What’s more unsettling are the areas in which the rest of the industry has not only caught up with Disney but surpassed them. These days, pretty much any run-of-the-mill chain motel has free wi-fi, or at least internet service. Not only does internet access at Disney require calling room service for an Ethernet cable, but using the service costs the guest ten dollars per room, per day. This blatant price gouge puts Disney not only behind its high-end competition, but also far behind even its most lowly lodging competitors. It might seem like small potatoes, but considered in the light of the resort’s once-unparalleled level of service it looks shabby at best.
Looking at the so-called “moderate” and “value” resorts show how far Disney has fallen behind from a price-to-value perspective. The “value” resorts consist of the most bare-bones type of motel room, but are priced at a premium compared to their off-property competition. This is especially glaring when you consider the rise of the “family suite” concept in outside resorts, which allows a large group of people to stay in a well-appointed suite for a very reasonable price. When faced with the decision to book a family in a couple of small, spartan rooms at Pop Century or a larger, nicer, and much cheaper suite elsewhere, you start to wonder what the “Disney difference” really is. To be fair, Disney has toyed with the idea of family suites by converting some rooms at the All-Star Music hotel, but it remains to be see whether they’ll continue to expand on this concept.

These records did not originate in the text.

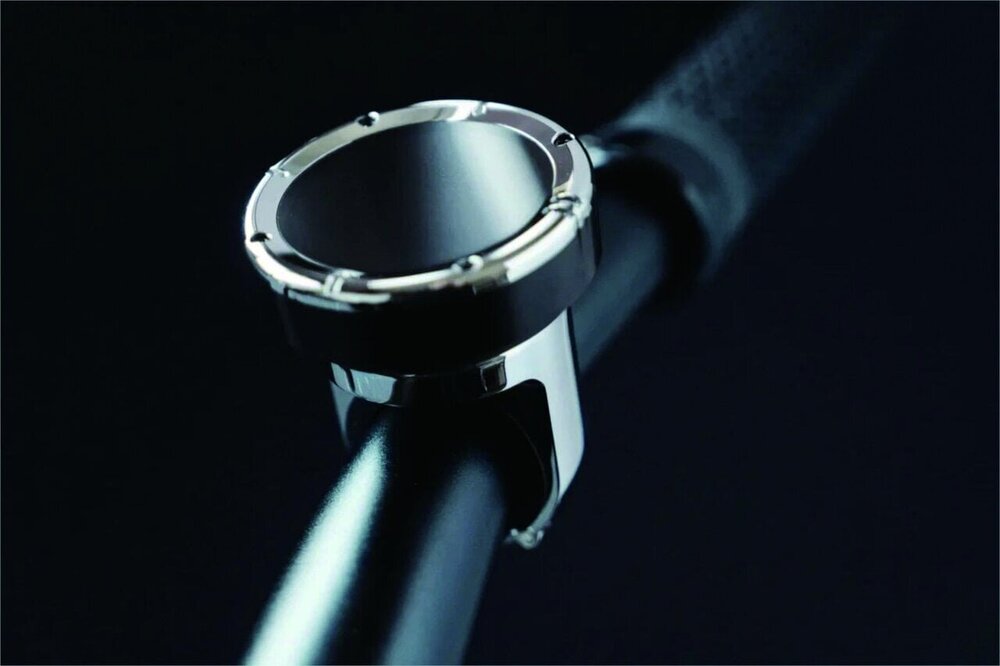 【Touring】Huh, is this a navigator!? The mirror polish small navigator for motorcycles is beautiful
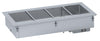 Combisteel Drop-In Bain-Marie Unit 5/1 - Automatic Water Filling - 7495.0300 Combisteel Accessories & Spare Parts Combisteel   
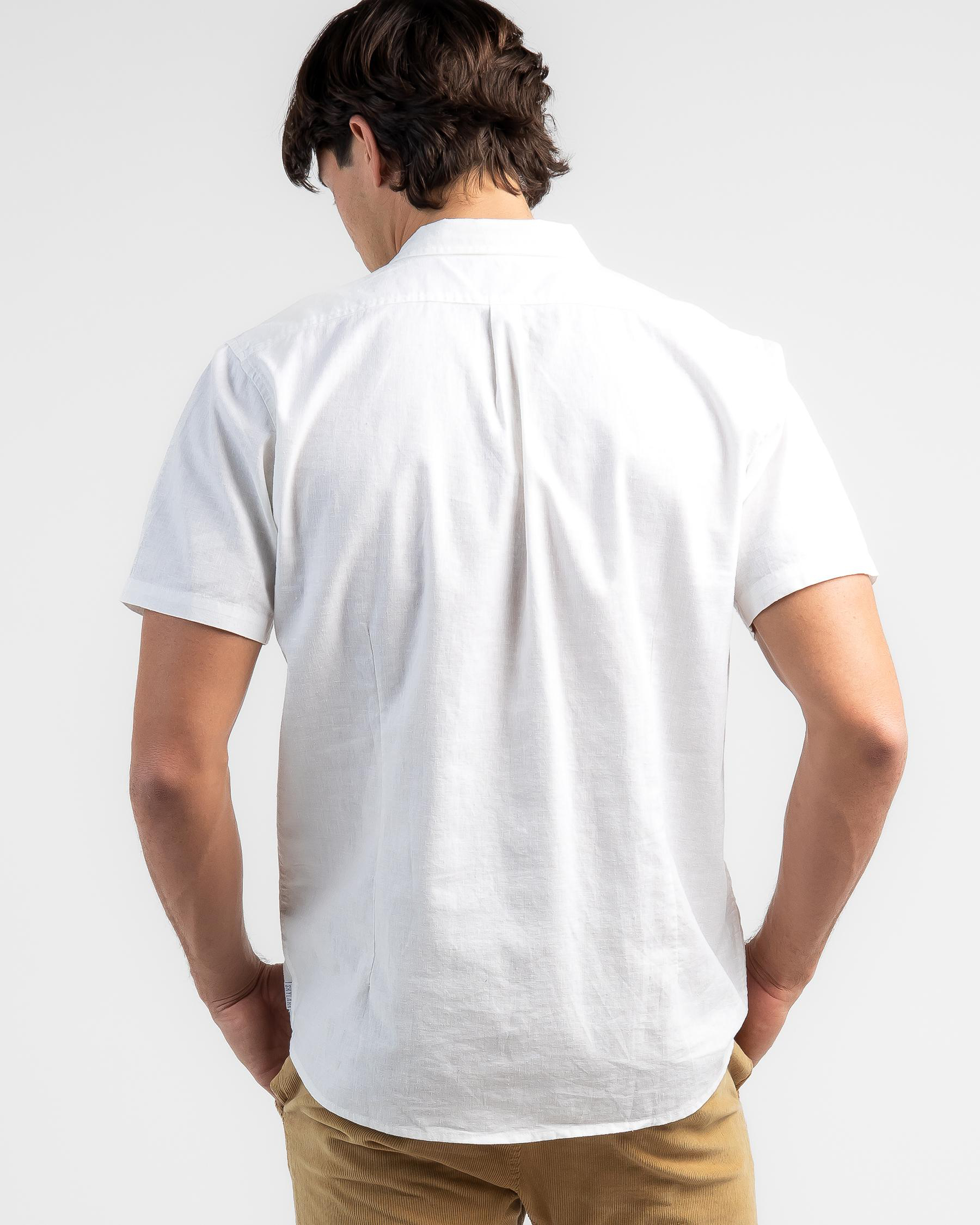 Hemp Short Sleeve Shirt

This, at last, brings me to the All-Stars. The original title for this post was simply, “Re-theme the Value Resorts”. This was admittedly a narrow topic, fueled by my general antipathy towards the “value” resorts – the three “All-Star” hotels and the Pop Century resort. While there’s a difference of opinion in the fan communities about this – the resorts actually do have a number of devoted fans – to me they’re little more than a Motel 6 with an ambitious fiberglass budget.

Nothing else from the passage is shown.